Que pensez-vous des trois propositions des rapporteurs évoquées par le gouvernement ? 

Ce sont des illustrations plus que des propositions. Elles consistent à présenter ce qui pourrait être un meilleur partage, pour éviter cette sur-rentabilité. Ainsi, avec des tarifs des péages diminués de 60%, ces sociétés seraient toujours dans la rentabilité prévue de 8%. Pour moi, la meilleure solution passe par une pression maximale du gouvernement y compris sur la pérennité des contrats actuels. Le gouvernement ne doit pas avoir peur d’éventuels contentieux.  

Face à la sur-rentabilité des concessionnaires, l’État pourrait-il être gagnant ? 

C’est évident car cela générerait plus d’impôts. Mais en même temps, l’État a réduit l’impôt sur les sociétés de 33 à 25% et les concessionnaires d’autoroutes en ont largement bénéficié. On estime à 7,5 milliards d’euros d’ici la fin des contrats de gains supplémentaires , ce qui n’était pas prévu lors de la signature des contrats. Ce n’est pas acceptable et je pense qu’il faut aller au bras de fer. Le gouvernement devrait affirmer sa volonté, ce qu’on ne ressent clairement pas actuellement. Peut-être que le fait de parler de ces rapports pourra aider à faire pression sur le gouvernement.  

Selon vous, pourquoi le rapport que vous avez sorti en octobre 2020 n’a pas fait de bruit à l’époque ? 

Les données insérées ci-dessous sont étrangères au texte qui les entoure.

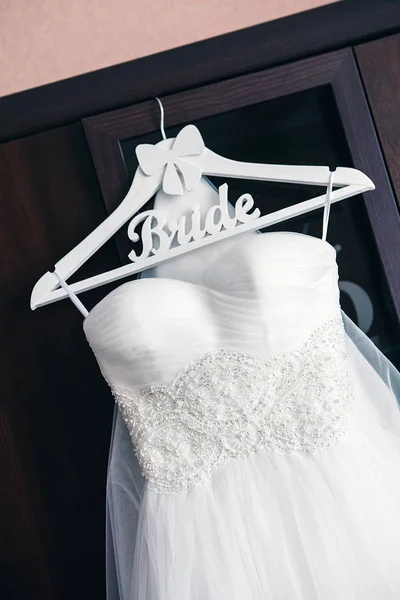 Vestido Noiva Com Paillettes Está Pendurado Cabide Perto Armário Sala — Fotografia de Stock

Evidemment, nous souhaitions que cela fasse plus de bruit. L’impact a été limité mais il a eu lieu. Jusqu'à ce rapport, on prorogeait les contrats de quelques années en échange de travaux.C’est ce qui s’est passé en 2015 avec Macron et Royal qui ont prorogé de 3 ans les contrats contre des travaux de l'ordre de 4 milliards d'euros. Depuis il n’y a plus eu de prorogation de ces contrats mal adaptés. Nous devons désormais atteindre notre objectif initial, à savoir définir la méthode de calcul de la rentabilité. Si on considère que l’équilibre économique et financier a été atteint, il y a aura sans doute une compensation à donner, mais celle-ci sera inférieure aux bénéfices réalisés.